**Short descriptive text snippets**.
Start of Block

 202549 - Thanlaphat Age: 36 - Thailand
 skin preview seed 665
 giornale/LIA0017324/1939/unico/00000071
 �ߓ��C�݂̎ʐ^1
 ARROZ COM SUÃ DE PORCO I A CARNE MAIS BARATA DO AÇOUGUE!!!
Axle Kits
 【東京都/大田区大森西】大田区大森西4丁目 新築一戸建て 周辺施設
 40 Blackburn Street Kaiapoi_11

End of Block
Start of Block

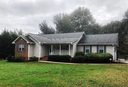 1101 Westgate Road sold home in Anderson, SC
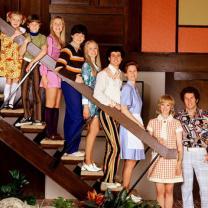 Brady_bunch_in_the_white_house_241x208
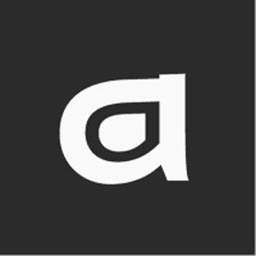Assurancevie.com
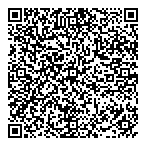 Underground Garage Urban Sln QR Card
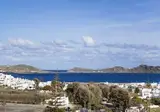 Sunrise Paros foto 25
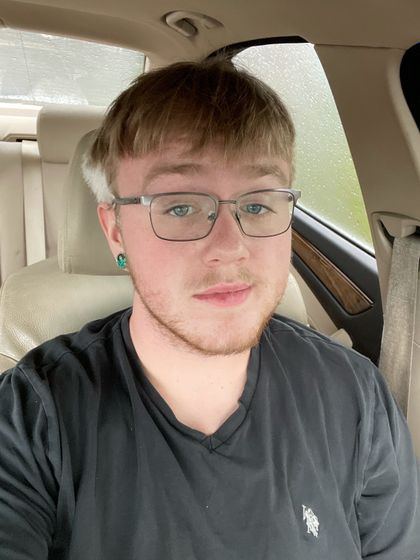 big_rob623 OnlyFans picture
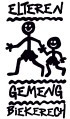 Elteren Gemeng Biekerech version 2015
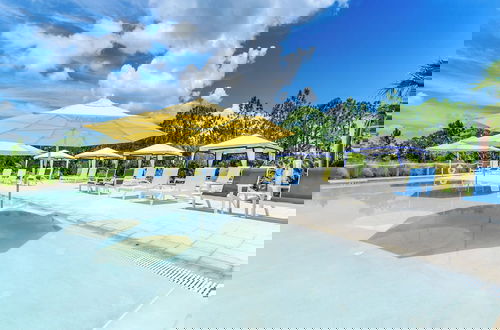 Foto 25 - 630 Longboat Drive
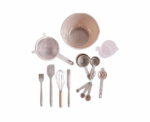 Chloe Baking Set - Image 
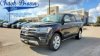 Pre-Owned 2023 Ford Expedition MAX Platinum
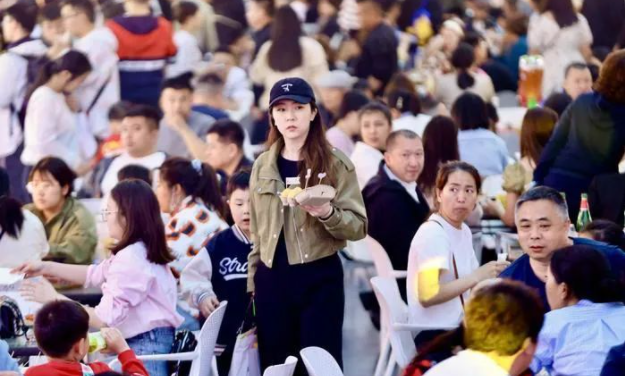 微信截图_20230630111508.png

End of Block

**HOW TO COMPLETE THIS TASK**. Set down, exactly as they stand above, the lines starting with the line with "ARROZ COM SUÃ" and going on through the line with "40 Blackburn Street Kaiapoi_11", and no others.

**FINISHED EXERCISE**.
 ARROZ COM SUÃ DE PORCO I A CARNE MAIS BARATA DO AÇOUGUE!!!
Axle Kits
 【東京都/大田区大森西】大田区大森西4丁目 新築一戸建て 周辺施設
 40 Blackburn Street Kaiapoi_11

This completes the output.